My Daughter Doesn’t Like My Spouse, Now What?

 

As the number of blended families increases, more and more mothers are asking this question. According to The Step Family Foundation, over 1300 new blended families are forming every day. That means divorced couples are remarrying, single parents are getting married, and lesbian and gay couples are forming new relationships with children from previous ones. As a parent how would you respond, or even as a friend? Relationships are already a touchy subject, factor in a child and it becomes “complicated.” Is there a way around it, is the question?
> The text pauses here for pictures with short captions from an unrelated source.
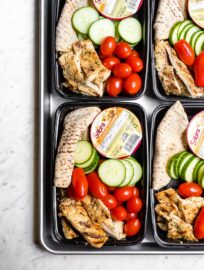 Chicken hummus bistro boxes packed with cucumber, cherry tomatoes, and a mini pita.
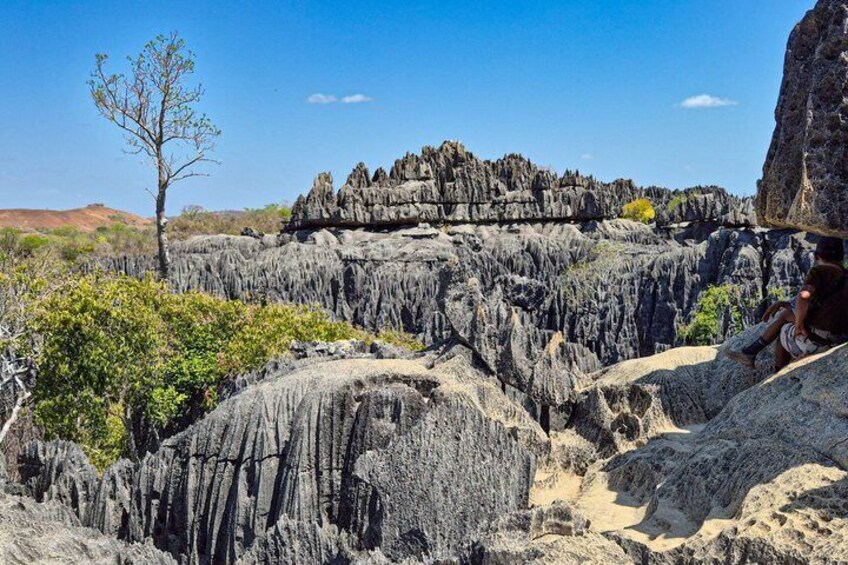 A rocky landscape with unique formations and a clear sky. 5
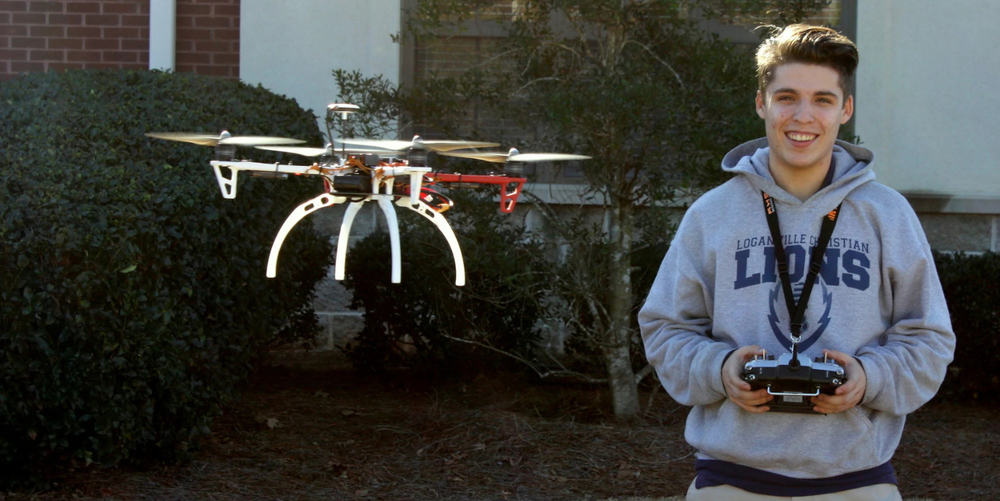 A brown haired high school aged boy wearing a light grey and dark blue hoodie holds a remote control while his drone hovers next to him.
New relationships are exciting and if there are butterflies it’s easy to get side tracked. The fact is, you’re a single mother, with an opinionated daughter and you’re dating a man who isn’t her father. You can expect there to be bumps in the road. Are you prepared; are they?
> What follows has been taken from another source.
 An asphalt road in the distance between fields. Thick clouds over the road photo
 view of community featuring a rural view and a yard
4 Things You Should Know About Blended Families

Blended Families Takes Time

 

.We want things to happen quickly and we want as few hiccups as possible. You aren’t the only one adjusting. Your daughter is adjusting to your spouse, and your spouse is adjusting to her. And, it’s important to understand that blending families takes time. According to experts, it can take between two and five years for a blended family to fall into a groove of normalcy. I am going to take a leap here and say that the age of your child will play a huge role in how long the adjustment takes. Your daughter’s age could cause her to be more resistant to the change.

Your family can overcome this hurdle by first accepting that it takes time, and by creating individual relationships. Allow your daughter to build a bond with your spouse. Their relationship will soften her dislike for him and the situation. In many cases, children just want to feel heard and seen.  Provide her the platform for expressing how she feels and fostering a positive relationship with your husband.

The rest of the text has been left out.